Tax Revenue in South Korea Projected to Rise 9.9 Percent in 2025: Short of Initial Government Estimates

Seoul: South Korea's tax revenue is expected to rise 9.9 percent from a year earlier in 2025 but fall short of the government's initial projection, the finance ministry said Thursday. The government anticipates collecting an estimated 369.9 trillion won (US$263.7 billion) in taxes this year, marking an increase of 33.4 trillion won from 2024, according to a tax revenue re-estimation by the Ministry of Economy and Finance.
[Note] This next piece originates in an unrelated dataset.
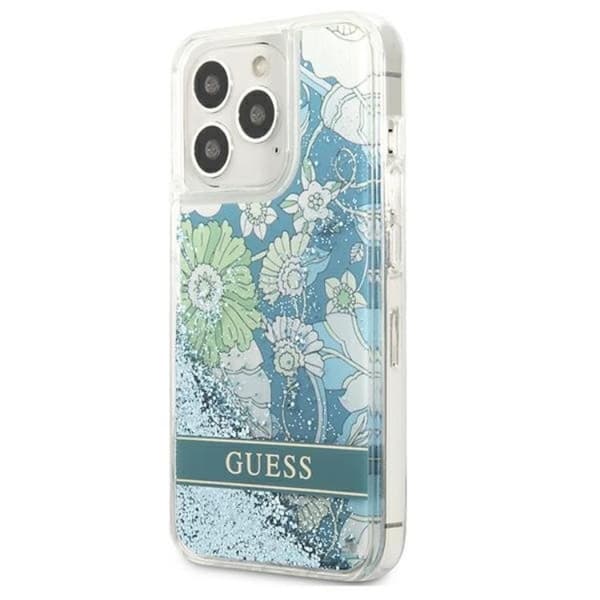 Guess iPhone 13 Pro Cover Flower Liquid Glitter - Grøn Grön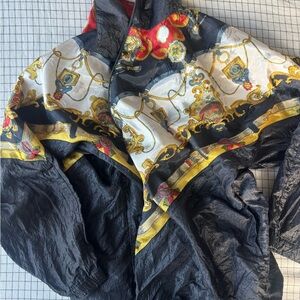 Vintage Style Black and Gold Scarf Pattern Windbreaker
According to Yonhap News Agency, the annual tax revenue will be smaller than the initial projection of 372.1 trillion won made when the government proposed an extra budget bill in June. The finance ministry attributed the revised estimate to the appreciation of the Korean won, which is expected to result in a 2.4 trillion won drop in import-related value-added tax. The average won-dollar exchange rate stood at 1,439 won in the January-May period but decreased to 1,379 won in the June-August period.

The extension of a fuel tax cut aimed at easing financial burdens and income tax refunds for self-employed workers, such as delivery riders, are also contributing factors to the decline in tax revenue, the ministry noted. Despite these challenges, revenue from income tax is projected to increase by 10.9 trillion won from last year due to a gradual economic recovery. Additionally, corporate tax revenue is expected to grow by 21.1 trillion won, supported by improved corporate earnings, according to the ministry.